I Seriously Regret Taking My Husband’s Last Name
When I let it slip to people that I sometimes regret taking my husband's last name
after we were married, a panicked look crosses their face. They're
expecting, I can only guess, a diatribe about a good-for-nothing bum of a
husband. I'll give you the good news now. We're 12 years in and going
strong.
It's not the marriage I regret. It's the name.
I never expected to be here. Twelve years ago, I was excited to dump my 10-letter mouthful of a maiden name for one that was half as long. I was ready to say goodbye to years of having to correct the spelling and the pronunciation of the very German name passed down through my father's family for generations.
My new name was short and cute, and wouldn't you know it, my husband and I now had the same exact initials -- all the way through. And then seven years ago, I gave birth to a baby girl.
She got my husband's last name, and I felt a twinge of sadness. The name I so proudly learned to write out in kindergarten had no business here. It had been erased.
The twinge got worse two and half years later when my grandmother died, and then last summer when my grandfather passed away, I found myself feeling adrift. As a friend interviewed me for a newspaper story after his death (he was a muckety-muck in local politics), I realized I wasn't "an Eschenberg" anymore.
But it's just a name, you say? I'm still "related" to these people? It's true. And yet, having to qualify myself by asking the reporter to add my maiden name, to make sure I "fit" hurt.
It forced me to ask why I took his name in the first place. I realized I didn't think at the time about the consequences. I was excited to show the world that I'd married the man I loved, but I didn't truly consider what the name change meant to me, to my identity.
Twelve years into marriage with my "new" last name, I've established myself in my career as a Sager. People know me as a Sager, even in a small town where they still slip up and call me "Eschenberg" (and I admit I get a secret charge every time it happens). The name links me to my husband and to my daughter, both of whom love. I see no reason to go backward.
And yet, if I had it to do over again, I don't know that I would be a Sager today.
How about you? Do you regret changing your name when you were married?
I dont regret taking my husbands last name i just wish i had hyphinated. But i get to share my best friends last name and if i ever really felt the need i could legally change it so to hyphinate it with my maiden name :)

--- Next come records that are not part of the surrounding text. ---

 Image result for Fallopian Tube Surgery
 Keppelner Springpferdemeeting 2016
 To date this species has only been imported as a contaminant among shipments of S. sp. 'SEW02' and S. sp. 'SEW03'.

I think I am going to talk to DF about this. I have struggled repeatedly about whether I am going to change my last name or not. My dads side of the family, my last name, is dwindling. His boys have all the kids they are going o have and they just have girls. My sisters both took their husbands last names. And it absolutely breaks my heart that the name will not be carried on. I want so badly for my boys to have this last name. I am proud of where it came from. But I feel horrible when I think about DFs name not continuing (though it could, he has 2 brothers that still have lots of time to have kids). I dont want to lose my last name, but I want to be the same as him. Thank you for the idea !
(I have always been against my kids having hyphenated names, or even myself, but I think this way, I would be perfectly fine with, for the simple fact we will all still be the same)
Quoting CrazyLife1996:
I didn't change mine. I added his and he added mine so we carry both names happily together.

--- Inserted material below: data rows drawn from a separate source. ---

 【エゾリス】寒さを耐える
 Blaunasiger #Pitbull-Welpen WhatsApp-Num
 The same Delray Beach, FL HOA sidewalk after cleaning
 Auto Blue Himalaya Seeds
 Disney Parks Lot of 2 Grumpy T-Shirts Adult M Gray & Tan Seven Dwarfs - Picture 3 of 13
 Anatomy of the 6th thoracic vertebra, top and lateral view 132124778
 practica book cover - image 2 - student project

i got married in Dec. i still haven't changed my name on my drivers license. i dont want to. legally my last name is Garza. but I prefer to still be called by my maiden name... maybe because I'm not hispanic? idk, but right now i have no plans to change it.
I don't regret it at all. My married name is so much easier to pronounce and spell, than my maiden name is. I got so sick of people butchering my last name all through school, that it was a very easy decision to change to my husband's last nam when we got married.